I have an unusually short attention span for reading. That’s strange because I love to read, was an early reader, and, by contrast, I’m an unusually rapid and effective reader. Still, that short attention span is kind of a drag.

If I have two hours worth of reading to do, I have to break it up in 15-minute increments throughout the day. I can’t maintain focus and comprehension for a two-hour period no matter how scheduled and defended the time is. My attention will only last 15 minutes.

I took this up with a renowned psychiatrist. He had an M.D. and a Ph.D. I asked him how I could change this. Doctor Doctor said, “Be born to different parents.”

Accept the things you can’t change. Adapt.

Do you know how long your attention spans are?

My use of attention span(s) plural is a deliberate choice. We used to think attention was a single thing.

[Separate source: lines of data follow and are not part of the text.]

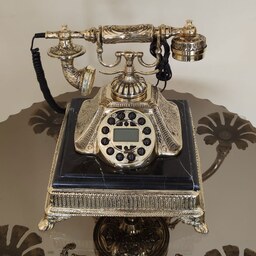تلفن برنز رومیزی مدل پایه سنگی مربع کد 1849 (تلفن برنجی)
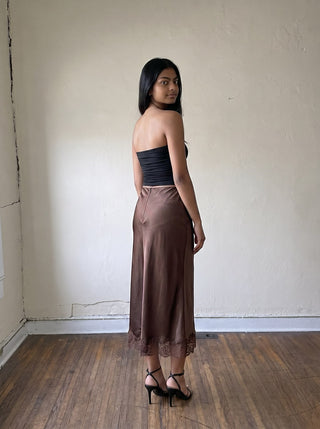 After Dark Satin Midi Skirt | Brown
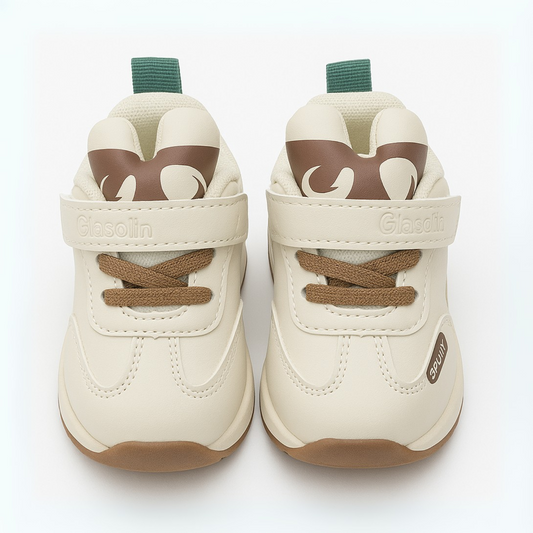 Smile Baby Boys Beige & Brown Sporty Sneakers with Velcro Strap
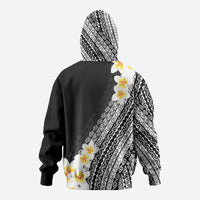 Tahiti Plumeria Tribal Pattern Hoodie Wave Style Black LT05 - Polynesian Pride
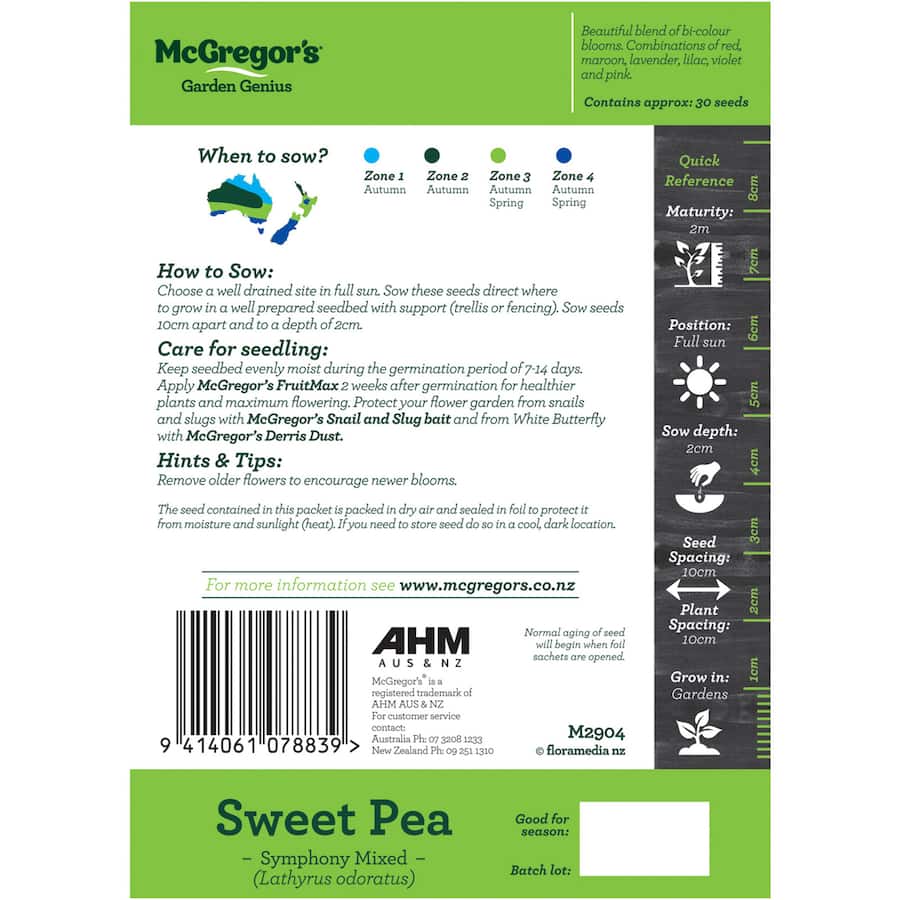 Mcgregors Flower Seeds Sweet Pea Symphony Mix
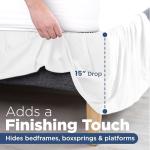 Martex Twin Ruffle Bed Skirt | Easy Fit Bed Skirts | Microfiber Bed Skirt | 15 Inch Drop | Hotel Quality Bedskirt | White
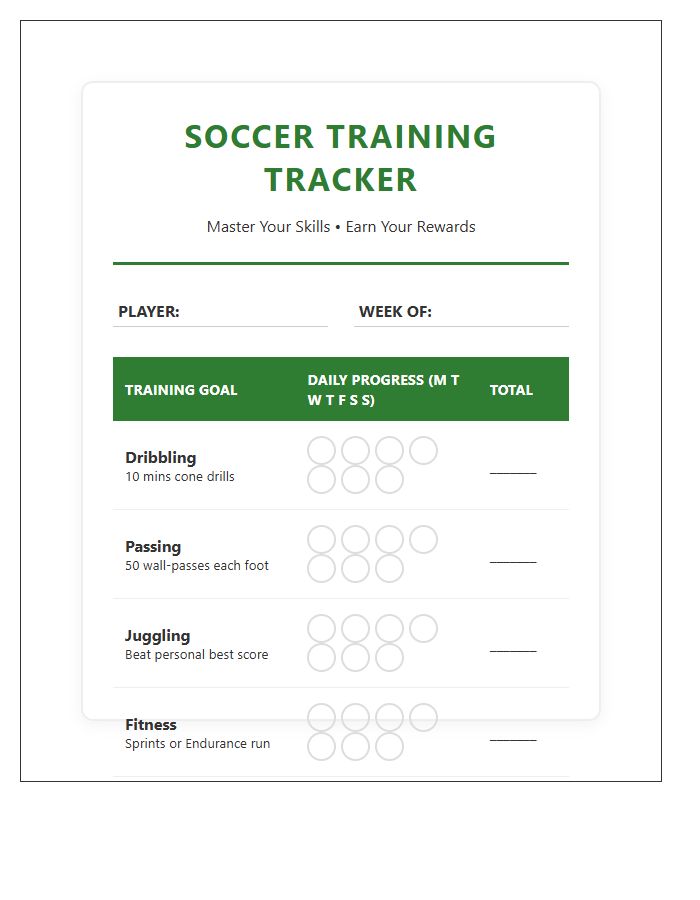 Youth Soccer Sport Training Rewards Printable Chart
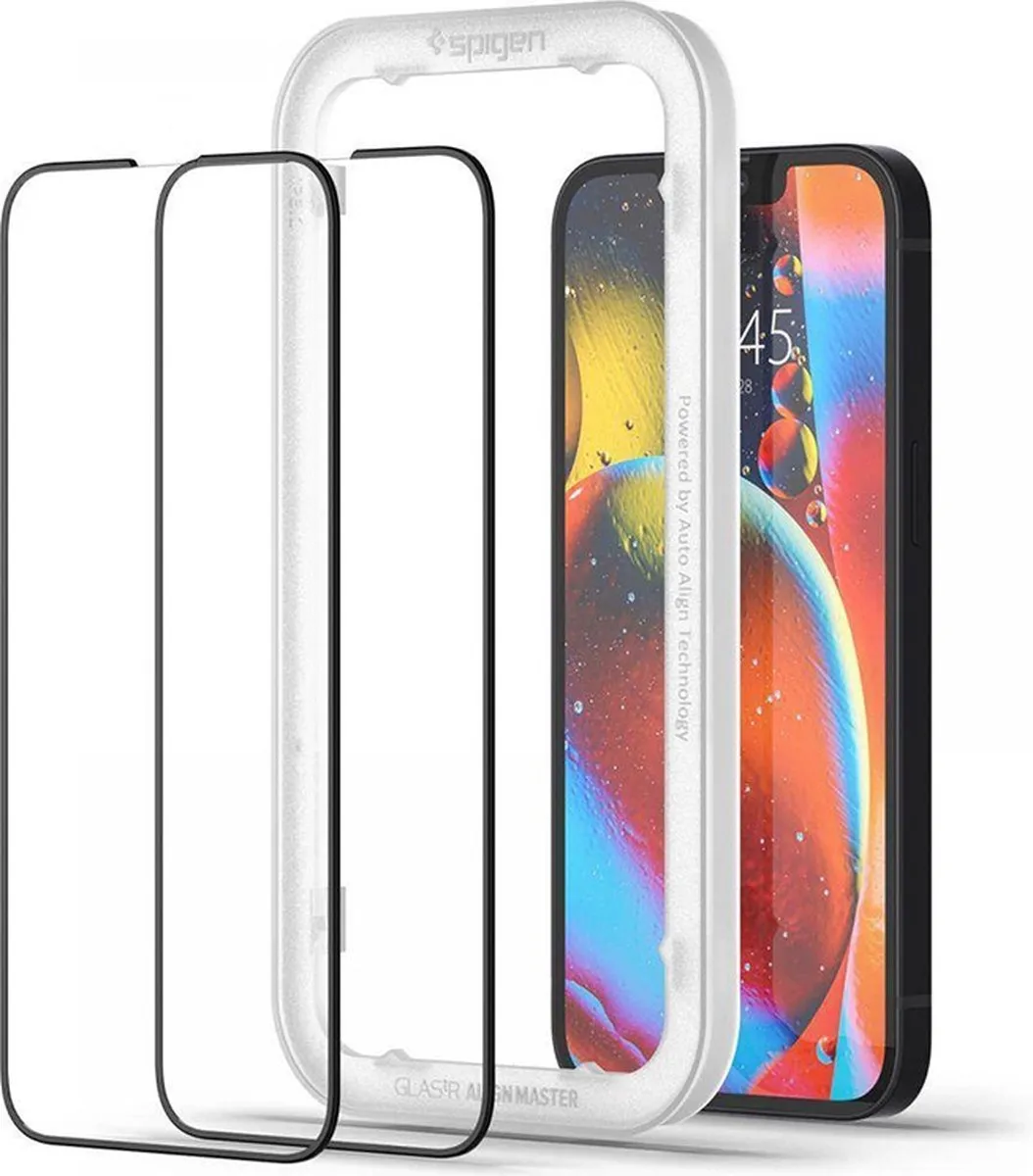 Spigen tR AlignMaster iPhone 13 Pro Max Glas - 2 Stuks - Zwart - afbeelding 6 van 6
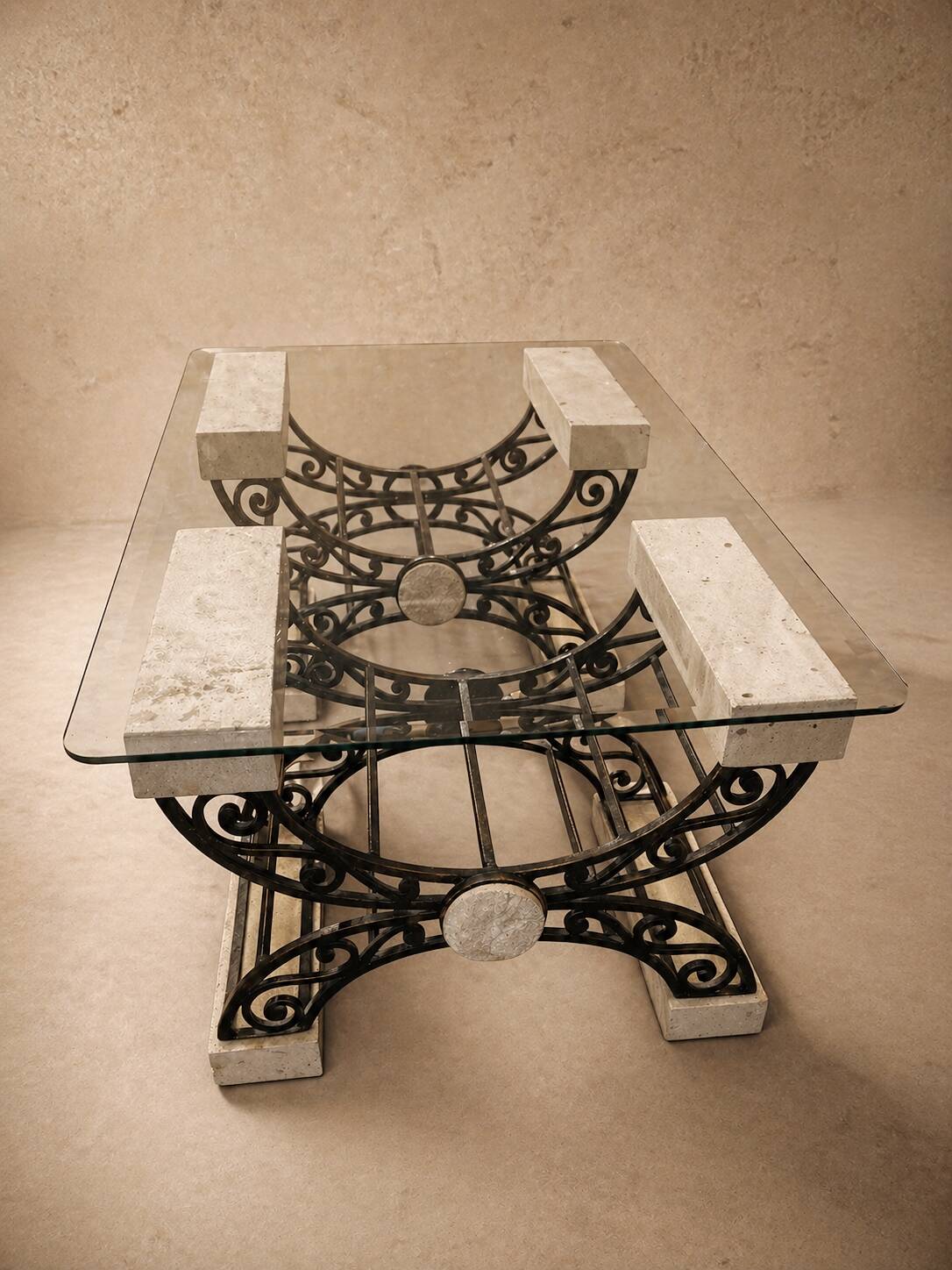 Travertine table with wrought iron, Italy circa 1980.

Now we know we have multiple attention spans that activate randomly from one another.

All this ambiguity is what makes focus so hard. It was hard enough before billion-dollar industries formed to harvest our attention.

All is not lost.

Here’s a first step toward control:

One of your attention spans is for reading. Find it thus:

Next time you have something to read, note the time and begin reading. Continue until you catch your attention drifting off. Return to reading.

When you recognize you’re doing more work trying to hold your attention than you are for actual reading comprehension, stop and note the time.

You’ve just measured your natural span for processing text. It’s as reliable as the number of sit ups you can do: it won’t vary much.